Des relations difficiles avec Bidzina Ivanichvili 

Agé de 40 ans, Irakli Alassania était considéré comme le membre du gouvernement géorgien le plus fermement pro-occidental, explique notre correspondant à Tbilissi Régis Genté. Il était notamment en charge du rapprochement avec l’Otan, priorité stratégique absolue de la petite république caucasienne dont les relations avec Moscou sont des plus délicates depuis l’indépendance du pays, en 1991.

Dès sa nomination au poste de ministre de la Défense, fin 2012, l’ancien diplomate a connu des relations difficiles avec le nouvel homme fort de la Géorgie, Bidzina Ivanichvili, un oligarque qui a fait fortune en Russie.
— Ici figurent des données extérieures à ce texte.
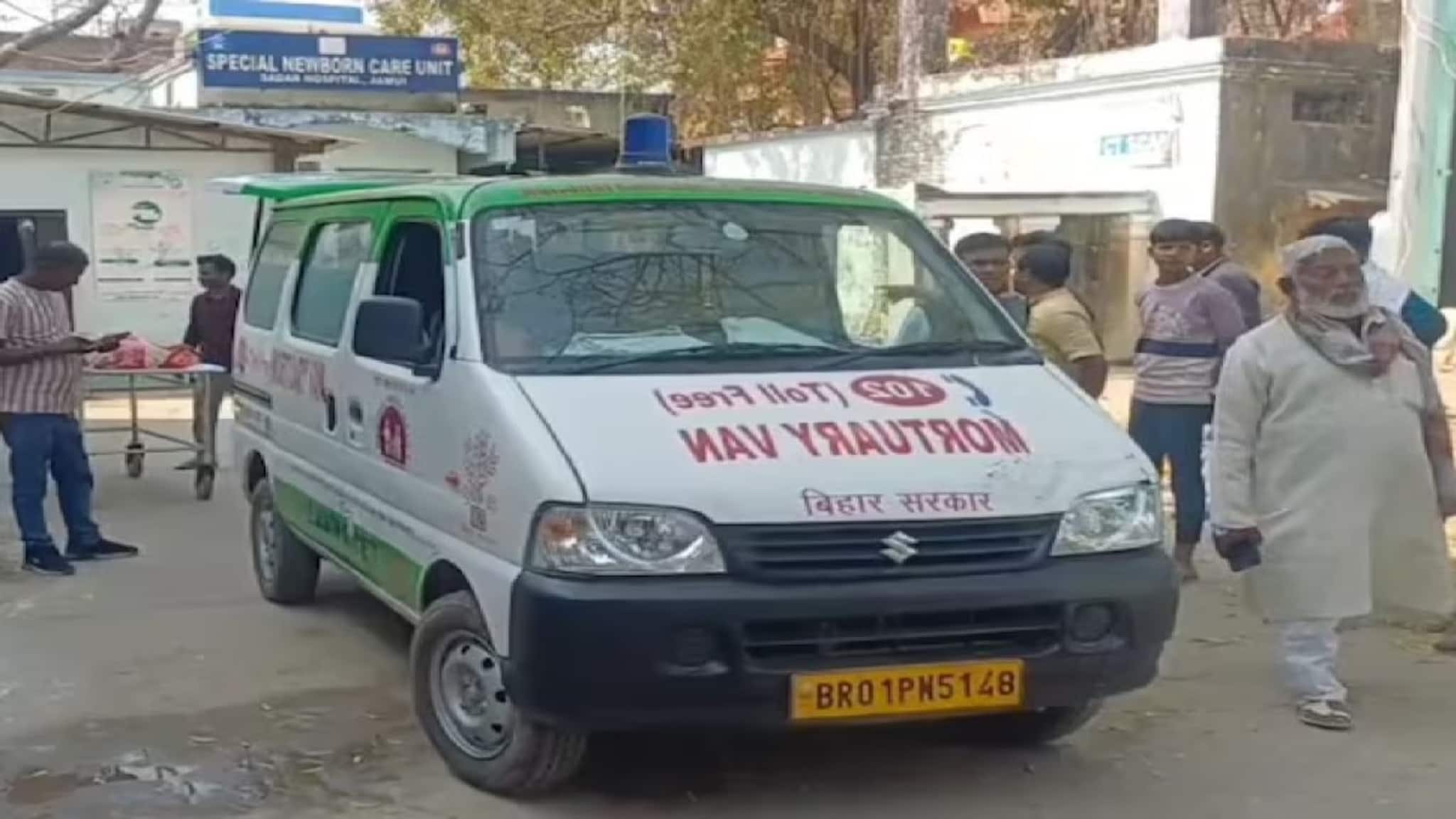 পুত্রসন্তানের জন্ম দিতে পারেননি, স্ত্রীকে গলা কেটে খুনই করে ফেলল ৩ কন্যার বাবা! পরে থানায় আত্মসমর্পণ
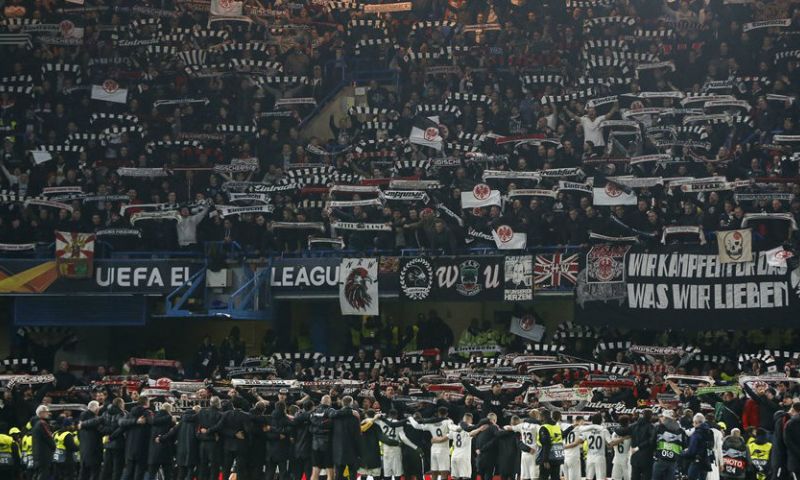 Prachtig gebaar: Frankfurt-fans geven finalekaartjes weg aan noodlijdende kinderen Afbeelding: Prachtig gebaar: Frankfurt-fans geven finalekaartjes weg aan noodlijdende kinderen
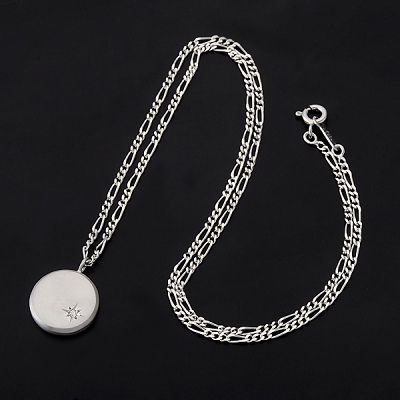 シルバーネックレス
A plusieurs reprises, le milliardaire, qui n’occupe plus de fonctions officielles mais contrôle l’échiquier politique géorgien, via le Premier ministre Irakli Garibachvili, avait humilié publiquement le jeune politicien. Que ce soit en commentant de supposées aventures extraconjugales ou en le rétrogradant de son poste de vice-Premier ministre, en février 2013, après qu’il ait affiché des ambitions présidentielles.

Ce que l’opposition et bien des commentateurs politiques craignent, c’est que le renvoi d’Irakli Alassania est le signe d’une volonté de M. Ivanichvili de casser les courants les plus pro-occidentaux du pays.

Démissions en cascade

Au lendemain de son limogeage, d’autres ministres appartenant au parti Démocrates libres ont décidé de démissionner en signe de protestation et de solidarité. Il s’agit notamment de la ministre des Affaires étrangères, Maïa Pandjikidze, et du secrétaire d’Etat à l’Intégration européenne, Alexi Petriachvili. Selon le vice-Premier ministre Kakha Kaladze, d’autres démissions devraient suivre prochainement.

En conséquence de la crise, les Démocrates libres risquent de passer à l’opposition, ce qui priverait la coalition Rêve géorgien, arrivée au pouvoir en 2012, de sa majorité parlementaire. En effet, le parti du ministre de la Défense limogé constitue le troisième plus nombreux groupe au Parlement géorgien.